Between 5 and 8s is a good rental yield. Calculate the rental yield by dividing the annual income by the total investment, or use a yield calculator. Student rentals may have the highest yields, but will have other costs. So what is considered a "good yield for your rental property? In a perfect world, 7-8% would be the ideal rental yield.

However, things are a little more complicated. Typically, a property with a high rental yield implies that it is undervalued or below market value. This is usually considered to be between 8 and 10%. Whereas a property with a low rental yield, which is between 2-4%, may mean that it is overvalued.

Whether 6% is a good return on your investment is for you to decide. If you can find higher quality tenants in a nicer neighbourhood, then 6 could be a great return. If you get a 6 or an unstable neighbourhood with a lot of risks, then this return may not be worth it. The cost basis is the cost of ownership, plus the costs associated with preparing the building for tenants, minus the value of the land on which the rental building sits.

Using the capitalisation rate formula, you can determine that a good rate of return on your rental **property** is "good if it is above 10% or "excellent if it is above 12%". As a landlord, it is important for you to know how to calculate the rate of return on a rental property to determine its effectiveness as an investment. So what does this have to do with real estate investment in the age of the coronavirus?
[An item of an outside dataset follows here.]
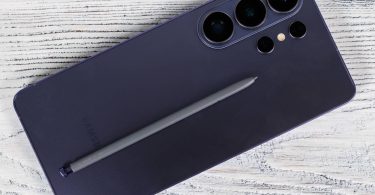 Description : Vue rapprochée de la face arrière d'un smartphone Samsung Galaxy S26 Ultra en coloris Titanium Violet, posé sur un support en bois blanc. Le module photo à cinq capteurs est visible en haut à droite, et le stylet S Pen gris est déposé en diagonale sur le châssis.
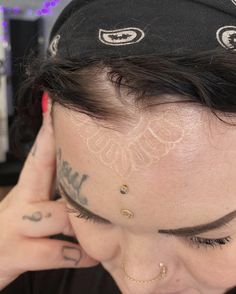 a woman with tattoos on her face and head is holding her hand to her ear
One of the special things about the CARES Act is that the IRS will allow you to purchase tax credits today, and then apply them against your tax returns for the last three years. It is especially important for beginning investors to know what a good rental yield is because it allows them to know if they are making money on a rental property, if they are profiting.

If you don't know how to calculate the yield on a rental property, you could be doomed to failure before you even start. When calculating the rate of return on a rental property by calculating the capitalisation rate, many real estate experts agree that a good return on investment is usually around 10%, and an excellent one is 12% or more. Note that this is the simple formula for rate of return on investment, and as you can see, it is very general and includes many estimates and unproven numbers. Although the definition of a good return on a rental property varies depending on your tolerance for risk, most investors and real estate analysts refer to the average return as a benchmark.

By minimising vacancies and charging a rent that is on par with the market, your property manager can help you get the best rate of return on your investment. If you can find a way to get a lot of tax credits, you can amend your returns for the last three years and the IRS will put a big fat cheque in your pocket. So what is a good rental yield for your first rental property? It depends on your personal preferences and your specific investment property. Rental yield measures the return you generate each year on your investments as a percentage of their value.

It is easy to assume that a higher rental yield means a higher return or a higher property value, but this is not always the case. Investing in rental property is a great new venture for many people who have never considered real estate investing.